■ THE INPUT:
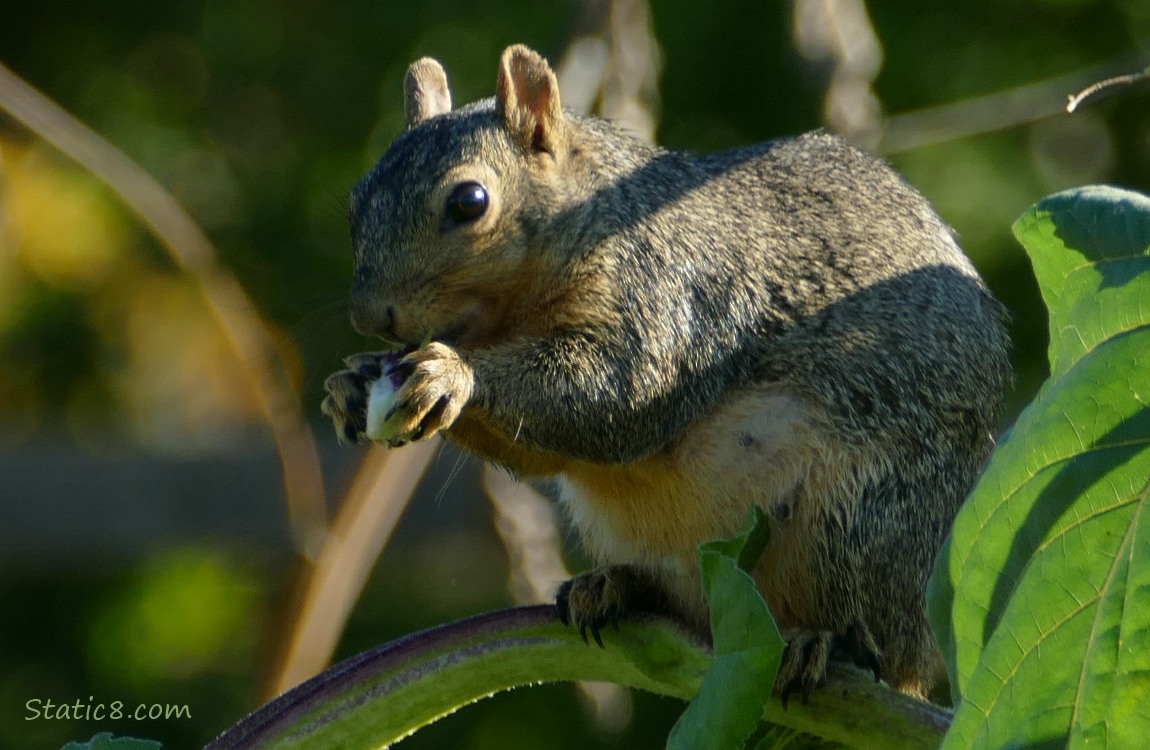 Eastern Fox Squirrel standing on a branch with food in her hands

--

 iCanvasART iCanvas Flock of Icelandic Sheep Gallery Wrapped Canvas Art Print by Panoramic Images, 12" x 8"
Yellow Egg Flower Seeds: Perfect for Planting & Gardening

---

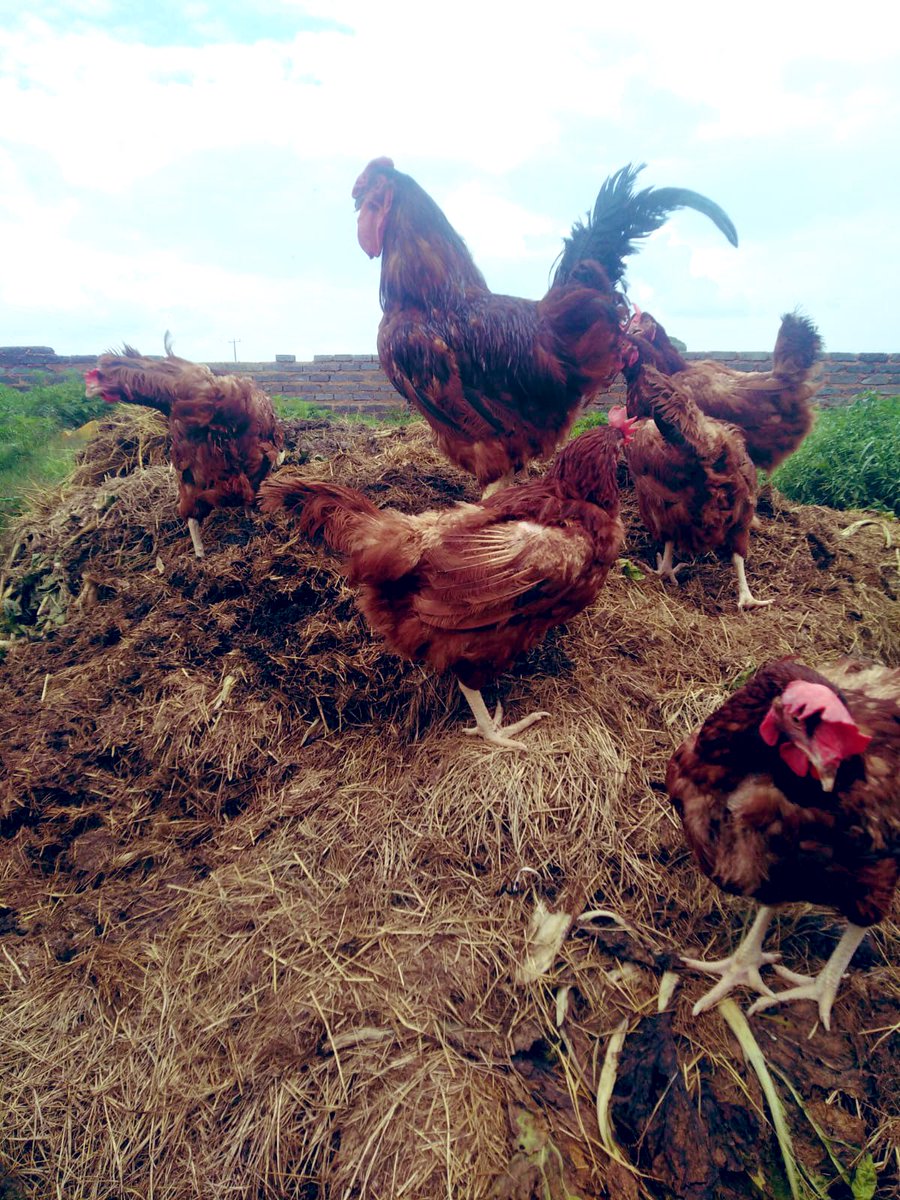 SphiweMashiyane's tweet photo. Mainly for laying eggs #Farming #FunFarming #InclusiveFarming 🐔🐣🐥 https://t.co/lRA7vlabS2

■ WHAT YOU ARE ASKED TO DO: Reproduce the lines of the entries above from the one with "iCanvasART iCanvas Flock" to the one with "Yellow Egg Flower", both included, exactly and without any other line.

■ TASK RESULT:
 iCanvasART iCanvas Flock of Icelandic Sheep Gallery Wrapped Canvas Art Print by Panoramic Images, 12" x 8"
Yellow Egg Flower Seeds: Perfect for Planting & Gardening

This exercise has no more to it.